One clear symbolic message is that his physical paralysis is an image of the result of sin in our lives. When we sin we “paralyze” ourselves. Sin has grave consequences on our lives and the clearest consequence is that we are left unable to rise and then walk in the ways of God. Grave sin, especially, renders us powerless to love and live in true freedom. It leaves us trapped and unable to care for our own spiritual lives or for others in any way. It’s important to see the consequences of sin. Even minor sins hinder our abilities, strip us of energy, and leave us spiritually crippled to one extent or another.
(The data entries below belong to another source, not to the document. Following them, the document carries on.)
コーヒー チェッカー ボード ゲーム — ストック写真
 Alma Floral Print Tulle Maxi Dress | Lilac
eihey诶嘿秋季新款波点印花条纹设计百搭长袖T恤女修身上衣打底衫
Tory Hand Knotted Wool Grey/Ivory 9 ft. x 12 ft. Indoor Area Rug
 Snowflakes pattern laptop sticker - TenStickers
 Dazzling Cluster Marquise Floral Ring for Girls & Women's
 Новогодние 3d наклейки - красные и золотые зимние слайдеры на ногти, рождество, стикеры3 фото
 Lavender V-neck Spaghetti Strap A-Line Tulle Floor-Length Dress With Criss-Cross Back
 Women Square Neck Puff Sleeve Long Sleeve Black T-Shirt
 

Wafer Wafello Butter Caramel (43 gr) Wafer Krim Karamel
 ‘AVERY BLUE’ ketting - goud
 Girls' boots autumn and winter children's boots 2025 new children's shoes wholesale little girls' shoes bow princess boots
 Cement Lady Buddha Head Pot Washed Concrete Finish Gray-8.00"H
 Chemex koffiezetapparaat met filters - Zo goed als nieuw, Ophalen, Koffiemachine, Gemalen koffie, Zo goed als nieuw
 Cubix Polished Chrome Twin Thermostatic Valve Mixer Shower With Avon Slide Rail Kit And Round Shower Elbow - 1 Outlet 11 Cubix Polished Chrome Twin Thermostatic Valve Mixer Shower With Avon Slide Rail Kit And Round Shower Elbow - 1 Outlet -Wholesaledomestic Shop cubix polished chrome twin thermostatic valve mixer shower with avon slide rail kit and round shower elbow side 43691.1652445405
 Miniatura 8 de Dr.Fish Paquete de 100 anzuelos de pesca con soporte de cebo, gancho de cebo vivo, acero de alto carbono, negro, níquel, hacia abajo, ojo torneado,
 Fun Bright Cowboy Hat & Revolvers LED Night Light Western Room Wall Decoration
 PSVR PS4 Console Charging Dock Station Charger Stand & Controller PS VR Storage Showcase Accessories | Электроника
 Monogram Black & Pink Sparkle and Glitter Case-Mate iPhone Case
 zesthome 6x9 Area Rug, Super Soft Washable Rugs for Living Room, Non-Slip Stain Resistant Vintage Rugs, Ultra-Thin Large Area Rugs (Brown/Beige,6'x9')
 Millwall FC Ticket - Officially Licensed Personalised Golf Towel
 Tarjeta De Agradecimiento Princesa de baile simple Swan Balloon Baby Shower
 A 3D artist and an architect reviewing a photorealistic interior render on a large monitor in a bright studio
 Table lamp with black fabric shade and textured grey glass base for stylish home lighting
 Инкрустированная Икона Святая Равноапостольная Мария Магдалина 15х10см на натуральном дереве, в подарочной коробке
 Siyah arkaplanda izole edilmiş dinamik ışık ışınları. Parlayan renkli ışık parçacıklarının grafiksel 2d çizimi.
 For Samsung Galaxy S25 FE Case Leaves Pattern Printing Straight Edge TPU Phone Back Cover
Hopefully you know this and it is not a new revelation to you. But what must be new to you is the honest admission of your current guilt. You must see yourself in this story. Jesus did not heal this man only for the good of this one man. He healed him, in part, to tell you that He sees you in your broken state as you experience the consequences of your sin. He sees you in need, looks at you and calls you to rise and walk. Do not underestimate the importance of allowing Him to perform a healing in your life. Do not neglect to identify even the smallest sin which imposes its consequences upon you. Look at your sin, allow Jesus to see it, and listen to Him speak words of healing and freedom.
Reflect, today, upon this powerful encounter this crippled man had with Jesus. Put yourself into the scene and know that this healing is also done for you. If you have not done so already this Lent, go to Confession and discover Jesus’ healing in that Sacrament. Confession is the answer to the freedom that awaits you, especially when it is entered into honestly and thoroughly.
Lord, please forgive me for my sins. I desire to see them and to acknowledge the consequences they impose upon me. I know that You desire to free me from these burdens and to heal them at the source. Lord, give me courage to confess my sins to You, especially in the Sacrament of Reconciliation. Jesus, I trust in You.